Tout propriétaire d’une habitation principale ou secondaire au 1er janvier de l’année de l’imposition doit cet impôt. Si le propriétaire vend son bien encours d’année, il reste redevable pour l’année entière. À savoir : En cas de vente, il est d’usage de prévoir avec l’acquéreur le partage prorata temporis de la taxe dans le compromis.
Quelles sont les propriétés imposables ?
Sont imposables toutes les constructions fixées au sol à perpétuelle demeure présentant le caractère de véritable bâtiment.

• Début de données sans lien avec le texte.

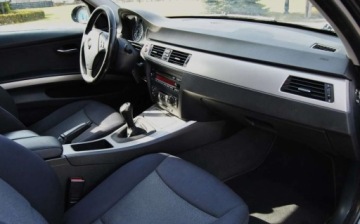 BMW Seria 3 E90-91-92-93 Limuzyna E90 320d 163KM 2006 BMW Seria 3 2.0 Diesel 163KM, Dobre wyposazenie, 2 Komplety kol, Ladnie ut, zdjęcie 6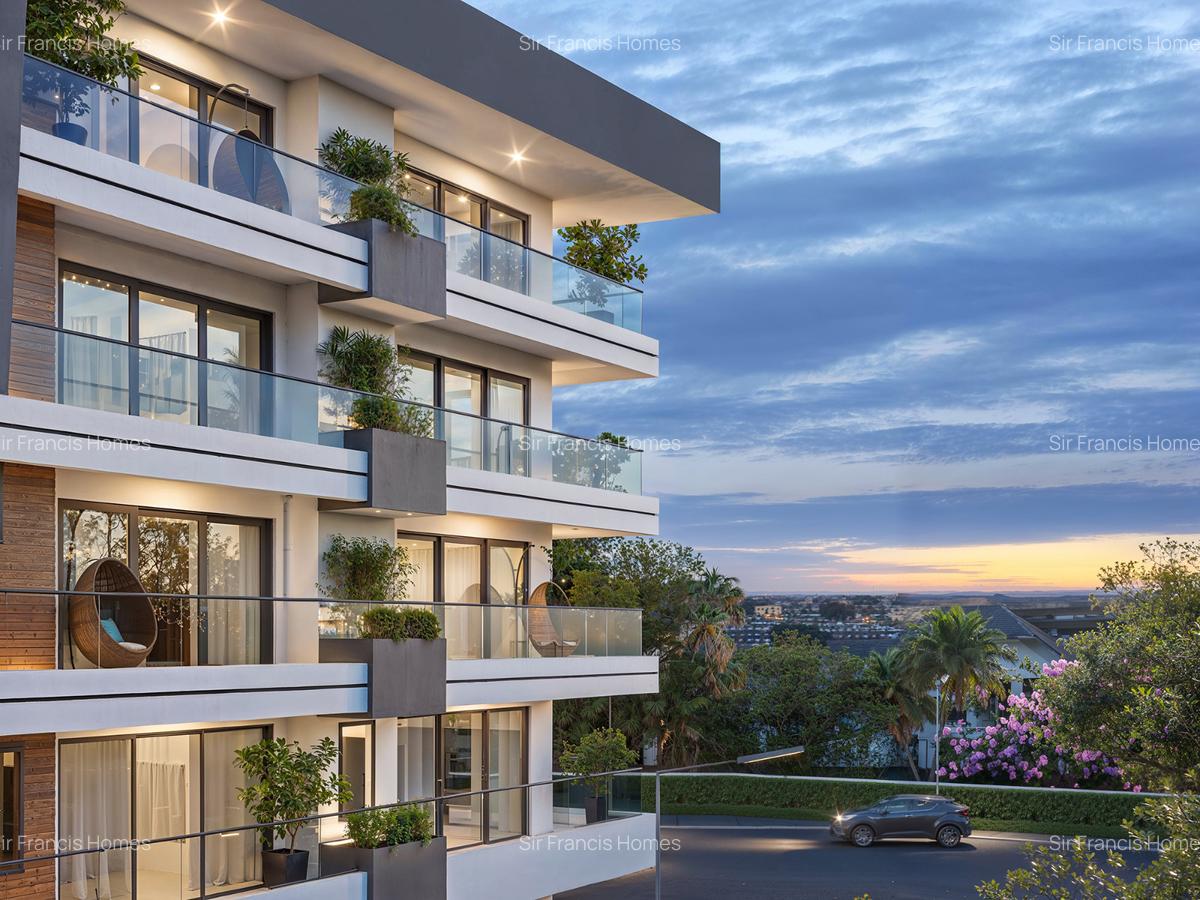 Serviced 2 Bed Apartment with En Suite at 1St Avenue - 1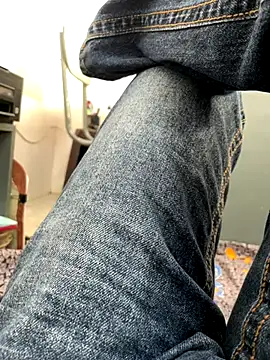 Snapshot of LOVE4GIRL chatting on September 2025 07:41:01 AM LOVE4GIRL online show from September 2025 07:41:01 AM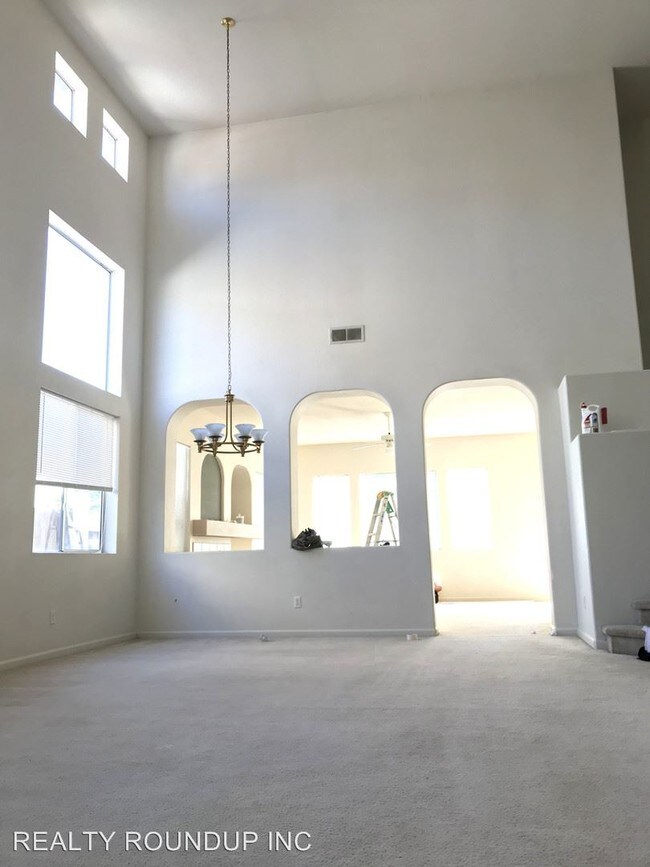 Foto del edificio - 4 br, 2.5 bath House - 8158 Pond Brook Way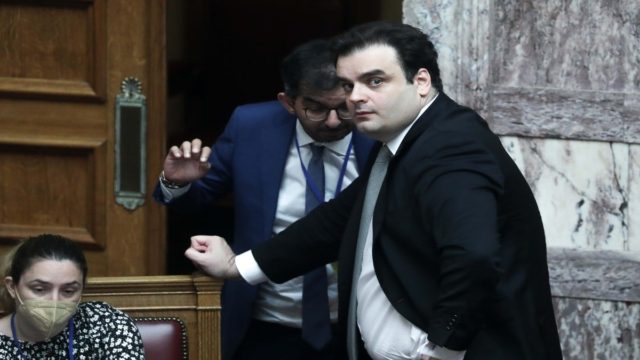 Δύσκολες ώρες για τον Κυριάκο Πιερρακάκη: Το ατύχημα που είχε στη Νάξο και η περιπέτεια με την υγεία του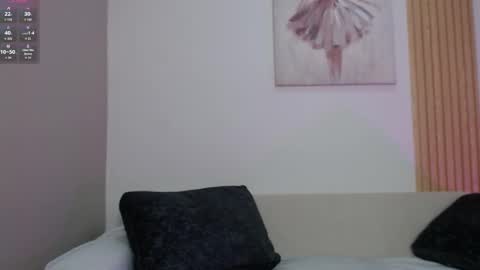 chloe_peach_ online show from February 3, 12:10 pm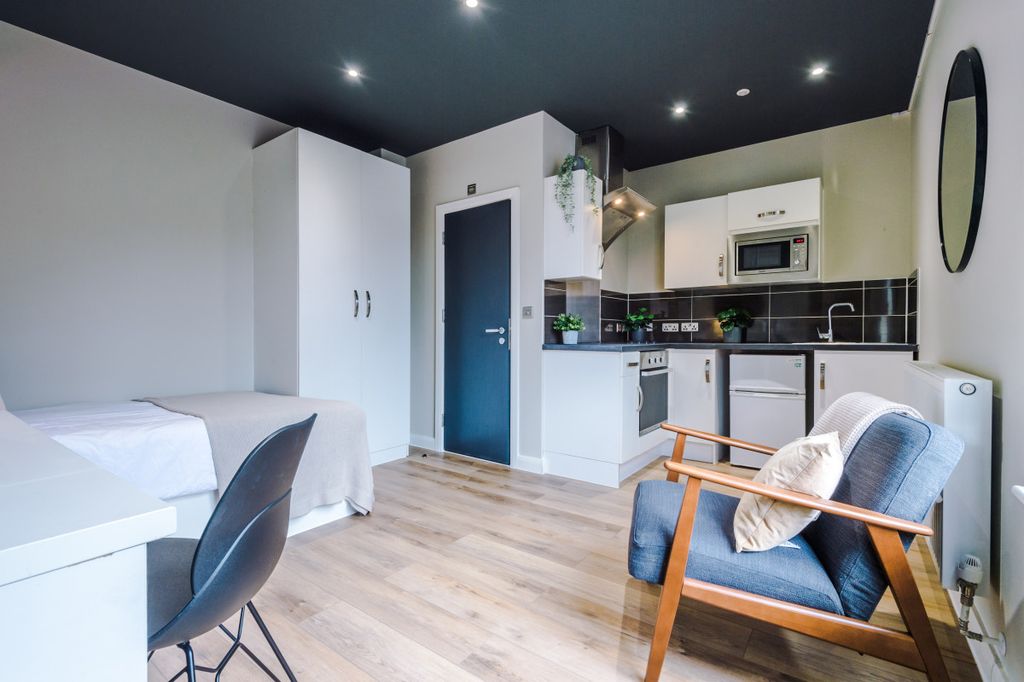 Property photo 2 of 10 Flat 8, Unw, 2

Comment la taxe est-elle calculée ?
Elle est calculée sur la valeur locative déterminée par le Cadastre mais diminuée d’un abattement forfaitaire de 50 %. Le fisc multiplie ensuite la base d’imposition nette par un coefficient fi xé par les collectivités locales.

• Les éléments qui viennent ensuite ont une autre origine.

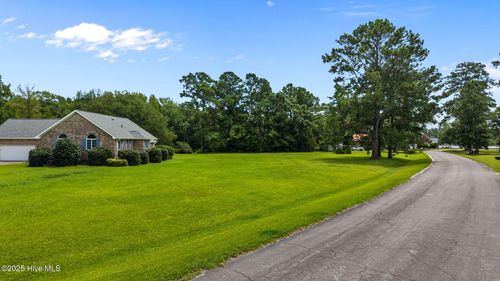 9335 Doris Dr, Oriental, NC, 28571-9357 | Card Image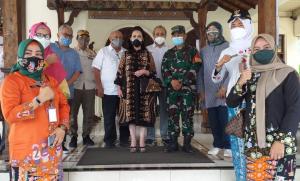 Watimpres Putri Wisnu Wardhani Tinjau Pelaksanaan Vaksinasi di Balai Sarwono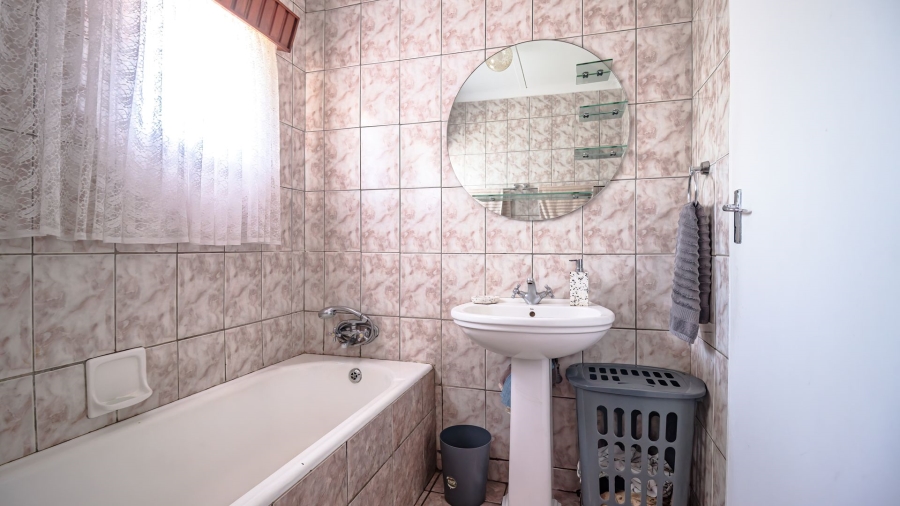 3 Bedroom Property for Sale in Minnebron Gauteng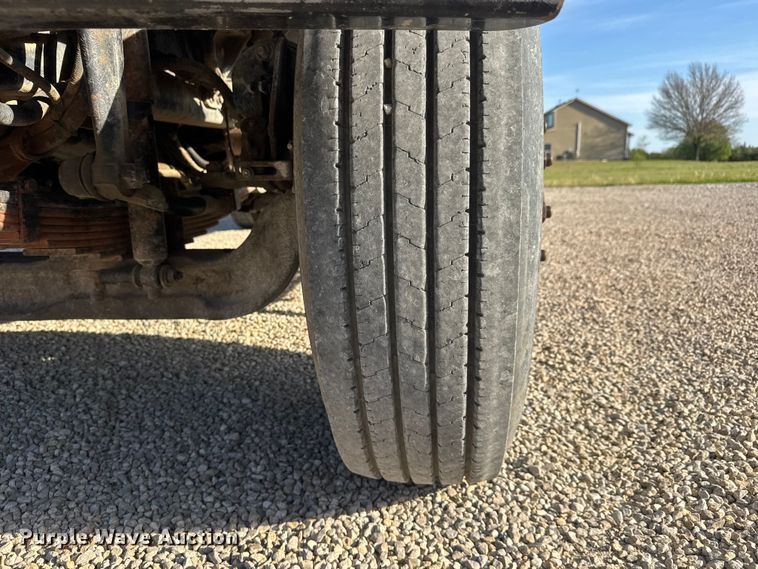 image for item ET1923 2006 International 7600 dump truck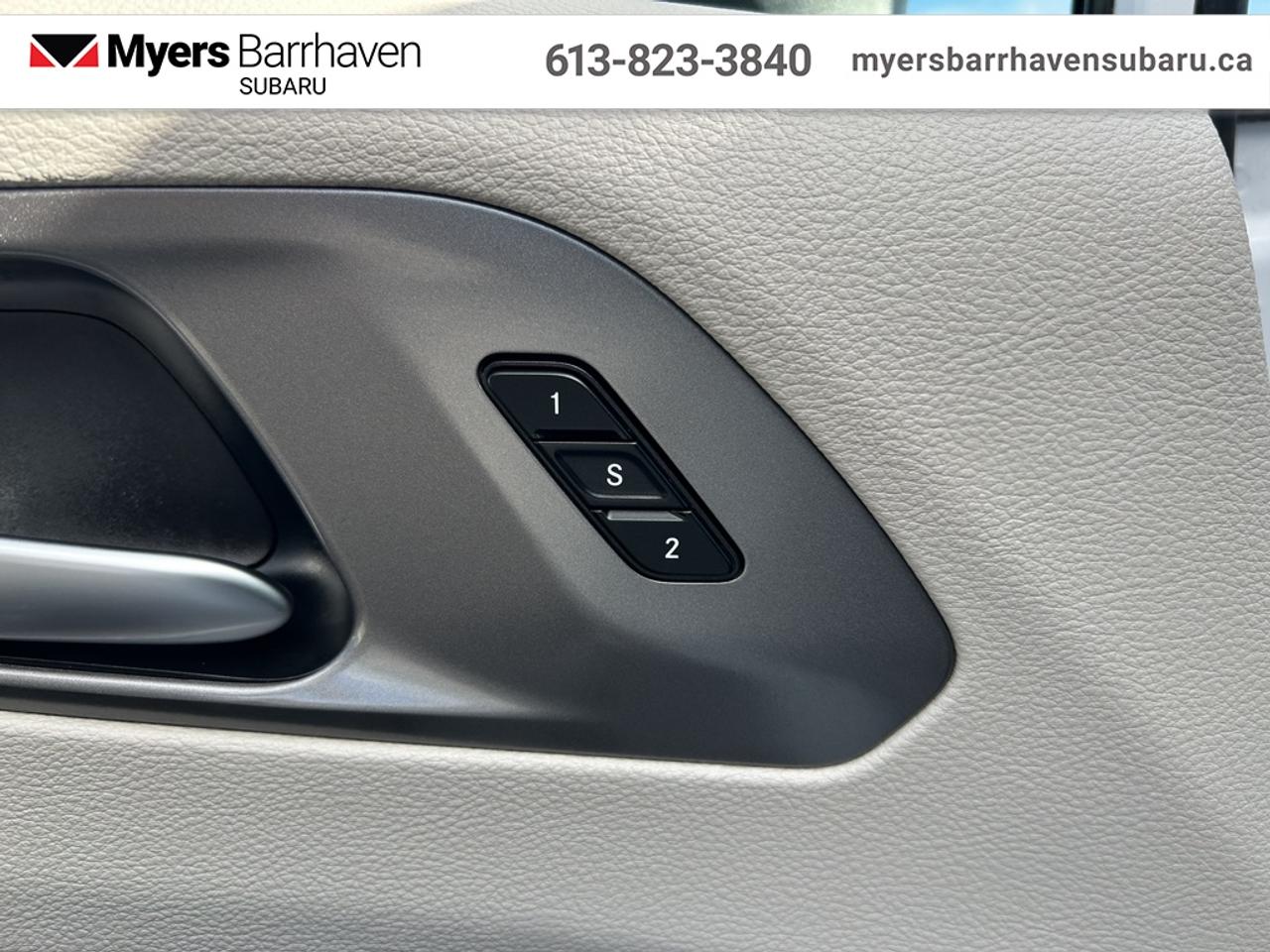 2023 Chrysler Pacifica Touring L  - Apple CarPlay Photo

Existe-t-il des exonérations permanentes ?
Sont exonérés de taxe foncière :
– les titulaires de l’allocation du fonds de solidarité vieillesse ou du fonds spécial d’invalidité ;
– les redevables âgés de plus de soixante-quinze ans au 1er janvier de l’année d’imposition dont les revenus de l’année précédente n’excèdent pas certaines limites (voir plus haut) ;
– les titulaires de l’allocation aux adultes handicapés dont les revenus ne dépassent pas ces mêmes limites. Lorsqu’il ne sont pas exonérés, les redevables âgés de plus de soixante-cinq ans au 1er janvier de l’année d’imposition dont les revenus de l’année précédente n’excèdent pas ces même limites bénéficient d’un dégrèvement de 100 €.

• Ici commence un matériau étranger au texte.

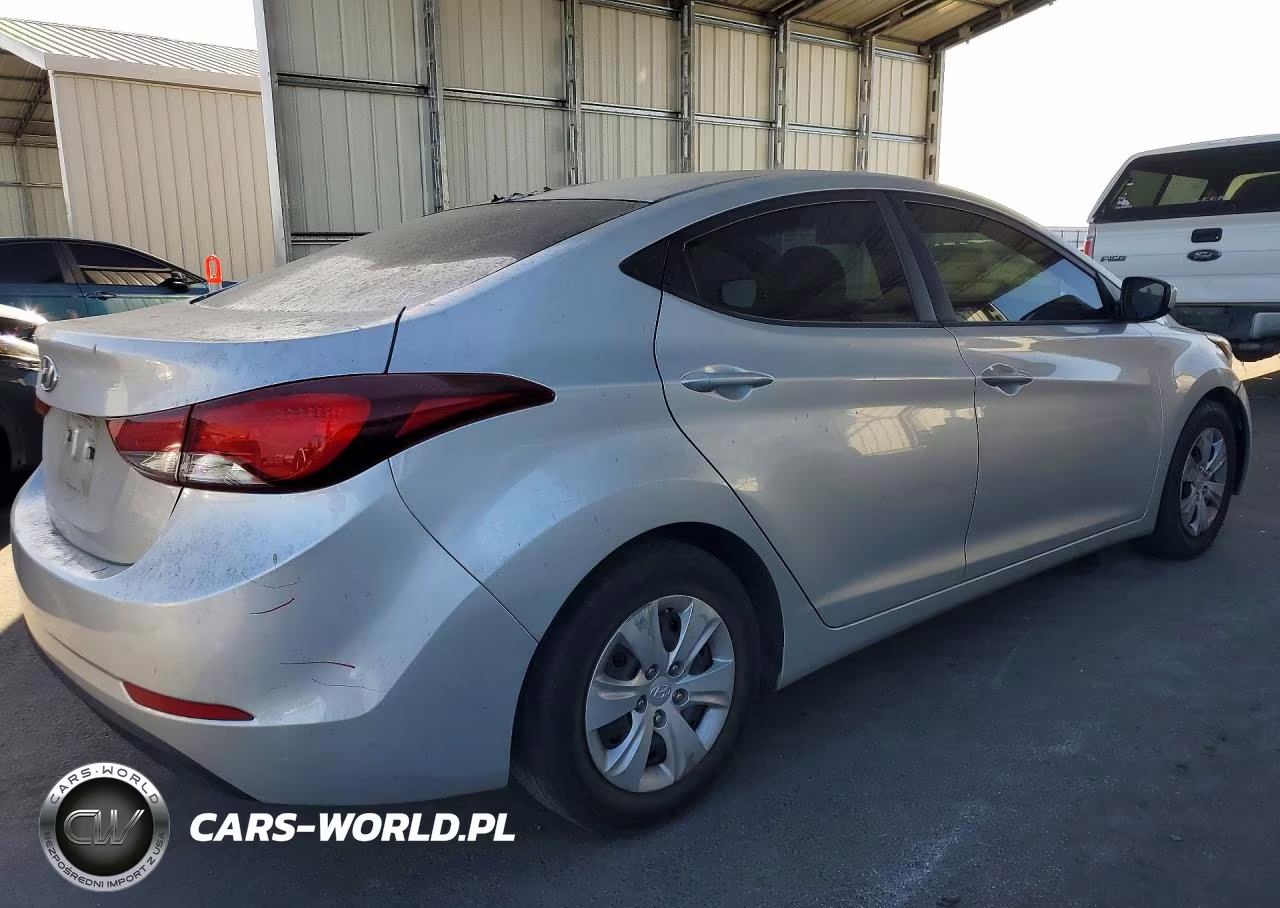 2016 Hyundai Elantra Se VIN:5NPDH4AE9GH696169 - 3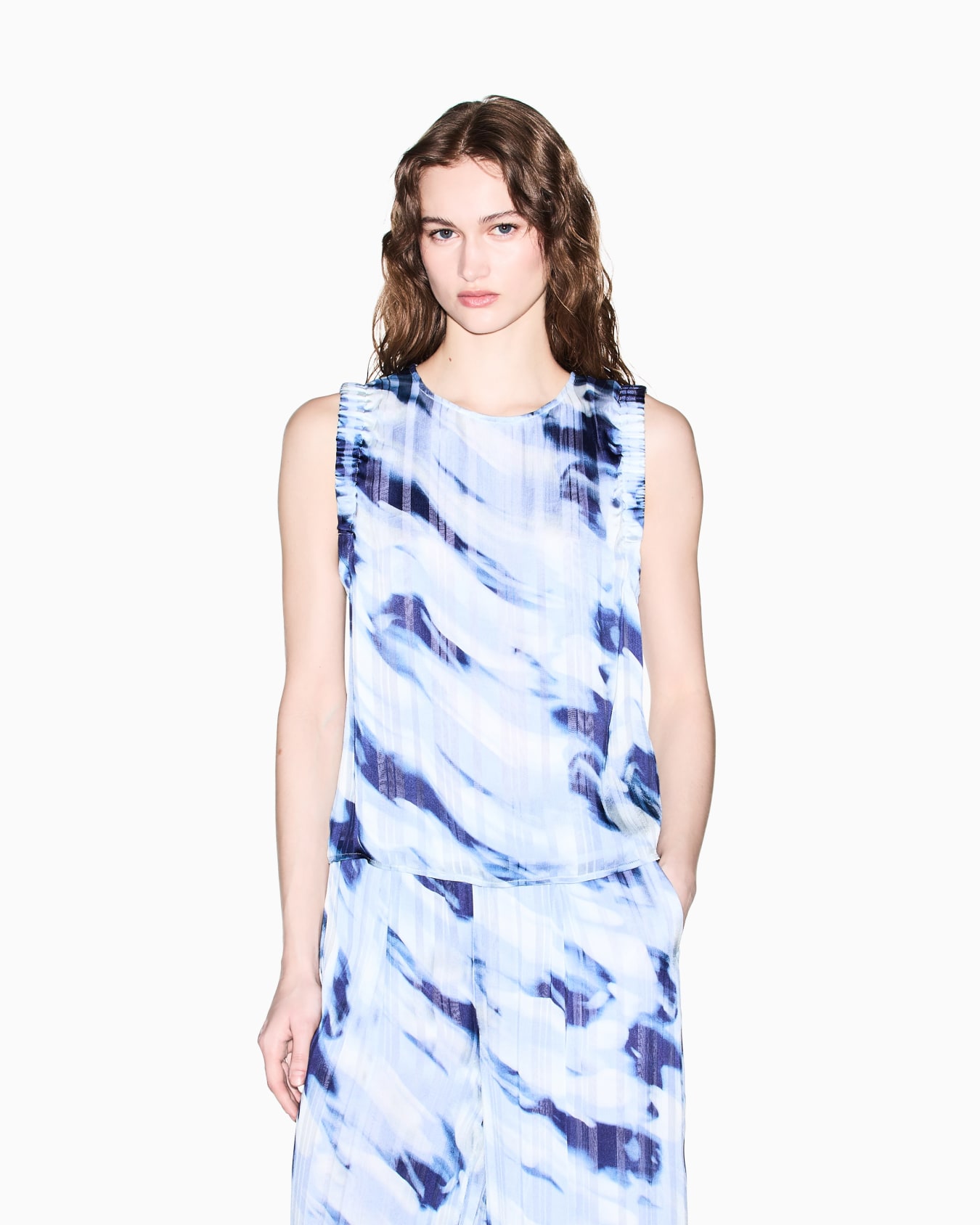 Lightweight Georgette Top with Printed Stripes Slide 3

Existe-t-il des exonérations temporaires ?
Les nouvelles constructions ou additions de construction bénéficient d’une exonération de la taxe foncière pour les deux premières années. De même, les logements achevés avant le 1er janvier 1989 et qui font l’objet depuis le 1er janvier 2007 de dépenses consacrées aux économies d’énergie
ouvrant droit à réduction d’impôt peuvent bénéficier d’une exonération temporaire de cinq ans de taxe foncière. Attention ! Le montant total des dépenses payées au cours de l’année qui précède la première année d’application de l’exonération doit être supérieur à 10 000 € par logement ou le montant total des dépenses payées au cours des trois années qui précèdent la première année d’application de l’exonération doit être supérieur à 15 000 € par logement. L’exonération peut être égale à 50 ou 100 % et être décidée par chacune des collectivités pour la part qui leur revient. Pour en bénéficier, le contribuable doit déposer dans les quatre-vingt-dix jours qui suivent l’achèvement ou la réalisation des travaux une demande auprès du bureau du cadastre ou du centre des impôts fonciers du lieu de situation du bien. Cette exonération est de plein droit pour la part départementale et la part régionale. Elle peut être supprimée par les communes pour la part de taxe qui leur revient.
À savoir : Si vous avez financé votre résidence principale à l’aide de certains prêts aidés, vous bénéficiez d’une exonération de taxe foncière pendant dix ou quinze ans selon les cas.
C’est le propriétaire au 1er janvier de l’année qui en est redevable. Cette taxe porte sur les terrains et terres de toute nature non recouverts de constructions (article 1393 du CGI). Elle est calculée sur la valeur locative cadastrale déduction faite d’un abattement de 20 %.